The Guide to The Ultimate Trading Plan

If you've been on other trading blogs, or if you read a couple of articles on DesireToTRADE, you probably heard that a trading plan is one if the key to great trading.

The truth is: you MUST develop your trading plan.

Some might say “Well…I know what I’m doing. I like to be spontaneous with my trading”. That kind of thinking is not going to win big in trading. You must have some sort of structure and act like a business even if you’re trading around the world or on a beach somewhere in Thailand.

But now, how do you prepare that trading plan? The answer is…just like a business plan. Let me explain.

The ideal trading plan is divided into a few sections. You will need to take time to think about each section. If you want to do it well, you can spread the process over 10-15 days. In this way, you will need to work on your trading plan 30-60 minutes a day.

The first thing you want to do is to set a specific time everyday during which you will put all your focus on your trading plan. That can be in the morning or once you get back from work. Before starting, create a new document and add the following sections:

  1. Life Mission
  2. Values and Beliefs
  3. Goals
  4. Financial Objectives
  5. Market Analysis
  6. Development Process
  7. Strategy & Implementation
  8. The Trader

Once your document is ready, you can start the process described below. One important thing to keep in mind: Consistently profitable trading is possible only if you believe in it. That fact alone can make the difference between the trader who succeed and the one who gives up.

As you perform the steps below, I recommend that you take notes on a computer or on paper and that you write your actual trading plan only when all the steps are completed. That will help you to eliminate what is too vague and not useful for your Ultimate Trading Plan.


The first step in the development of your trading plan consists of defining precisely what you want to achieve in life. It is the basis for anything. As you take notes on your computer or on a sheet of paper, you can ask yourself the following questions:

  1. What legacy do you want to leave?
  2. Why do you want to trade in the first place?
  3. If you had all the money you needed, what is one thing that you would do?

Quick Tip To Get Real Answers

One thing I noticed is that asking yourself any question out loud and answering it out loud as well helps you getting a real response. Often times, when I was only thinking about a question, I would not get a deep and true response. I now ask myself questions out loud (even though it makes you look weird sometimes!).

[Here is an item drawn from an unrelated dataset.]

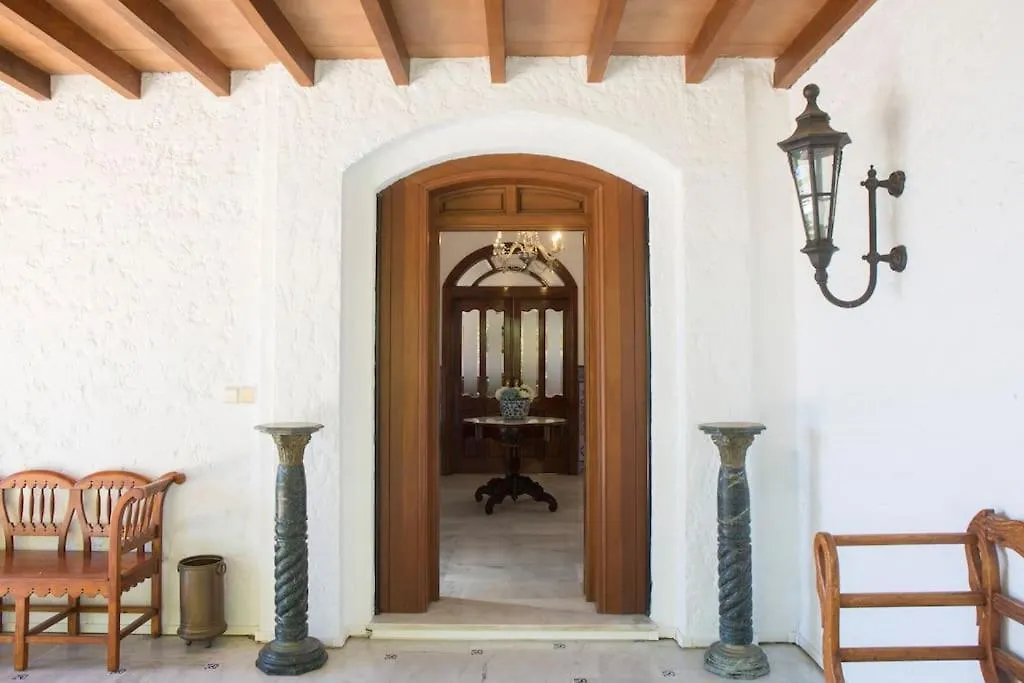 Andalusian Villa On The Sea And The Bay Of Malaga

Trading, like any other money-making activity, should not be performed only to accumulate money. There must be an underlying reason behind it. What are you going to do once you get all the money you want? That THING is your Life Mission. It is the ultimate aspect of life you want to achieve or reach. It should not be material, but instead a state you want to be at.

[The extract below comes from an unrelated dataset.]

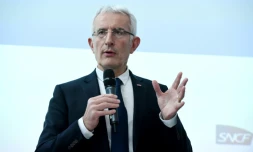 La SNCF conseille de renoncer Ă prendre le train Ă partir de 19H00 lundi
Le patron de la SNCF Guillaume Pepy lors d'une conférence de presse au siÚge de la SNCF à Saint-Denis, prÚs de Paris, le 27 février 2018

As an example, let me give you my Life Mission. I want to travel the world and be able to live wherever I want whenever I want to. I also aspire to experience stuff, meet people everywhere and live life at its fullest. I believe that a life of 9-5 work is not fulfilling enough. At the same time, I also want to help people do the same thing. I’ve always been interested in mentoring or coaching. If I can help people escape the 9-5, that is a big win!

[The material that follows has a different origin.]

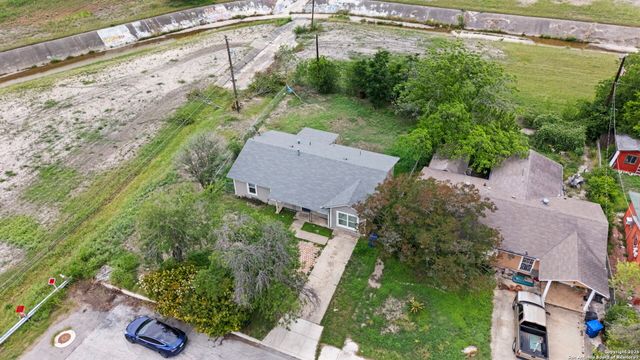 8831 Hunters Creek, San Antonio, TX 78211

For your Life Mission, I recommend that you write a paragraph describing what your future will look like. Imagine your future self as a trader and simply tell what you are doing on a daily basis. Use the What?, When?, Where?, How? approach.


This section is closely linked to your Life Mission but slightly different. You must go through what you value and what you believe. Obviously, if you believe you can’t accomplish much, it’s going to be harder to perform as a trader.


Values are things that are important to you. What would you be ready to fight for? For instance, during a weekend, do you tend to work or you prefer having time with your family?

Some examples of values are:

  • Financial Freedom
  • Impact
  • Success
  • Family
  • Health
  • Influence

Values are going to propel you across obstacles. They will help you remember, in a few words, the main reason why you are trading. Want to know whether you identified the right values? If you look at your list and feel excited, then it’s a good sign. If, however, you don’t feel anything, you might want to research further and think a little more.

Three types of beliefs

Beliefs are the things you are 100% are true about yourself and the world around you. While thinking about your beliefs for your trading plan, you must consider three types: money, trading, and personal beliefs.

Money beliefs are the things you believe about money. For instance, some people say “Money is the root of all evil”.

On the other hand, I believe money is a tool to bring more freedom into your life. Both version of the belief will lead to entirely different trading results. Whatever your money beliefs are, you must make sure that they are congruent with gaining money through trading.

In addition to those, you must identify what you believe about trading. Unfortunately, my parents believe trading equals gambling. While this in part true in certain situations, you should ask yourself whether you really see trading as a money-producing activity. Make sure that you believe trading will help reaching your Life Mission.

Ask yourself: “Can I really gain money trading?” or “What is the hardest part of trading?”. “Do I believe short-term trading is better than long-term trading?”.

Lastly, you must identify what your personal beliefs. What do you believe about yourself? Do you think you can succeed as a trader and why? Those beliefs are very important. In trading, if you have doubt about your skills, you might miss out on good trades and enter bad trades to try to prove to yourself that you can make money. This is not the ideal situation.

If your personal beliefs are not strong and positive enough, I recommend that you work on yourself a little more before starting to trade. You can follow trading courses or visit the coaching section of my site to get a personalized trading learning process.

For each belief you identified, you must write a reason why you believe it. An example of belief with a reason could be: “I believe I can trade profitably and be a successful trader because many people who did it were no smarter than me.”

The other key is that you must believe what you write. Failure to believe at 100% and everything you write will result in a weak trading plan.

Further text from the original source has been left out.